*** Opening of EXTRACTED INFORMATION ***
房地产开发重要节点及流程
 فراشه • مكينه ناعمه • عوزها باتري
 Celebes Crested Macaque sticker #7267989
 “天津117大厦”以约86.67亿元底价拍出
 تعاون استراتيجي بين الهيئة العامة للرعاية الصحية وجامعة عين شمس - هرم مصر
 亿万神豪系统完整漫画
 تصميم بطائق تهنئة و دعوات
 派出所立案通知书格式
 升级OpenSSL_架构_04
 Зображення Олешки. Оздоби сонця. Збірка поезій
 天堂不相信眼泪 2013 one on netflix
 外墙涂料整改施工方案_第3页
*** Close of EXTRACTED INFORMATION ***
*PROMPT:*
Print the data in full, with each line exactly as given.

*ANSWER SPACE:*
房地产开发重要节点及流程
 فراشه • مكينه ناعمه • عوزها باتري
 Celebes Crested Macaque sticker #7267989
 “天津117大厦”以约86.67亿元底价拍出
 تعاون استراتيجي بين الهيئة العامة للرعاية الصحية وجامعة عين شمس - هرم مصر
 亿万神豪系统完整漫画
 تصميم بطائق تهنئة و دعوات
 派出所立案通知书格式
 升级OpenSSL_架构_04
 Зображення Олешки. Оздоби сонця. Збірка поезій
 天堂不相信眼泪 2013 one on netflix
 外墙涂料整改施工方案_第3页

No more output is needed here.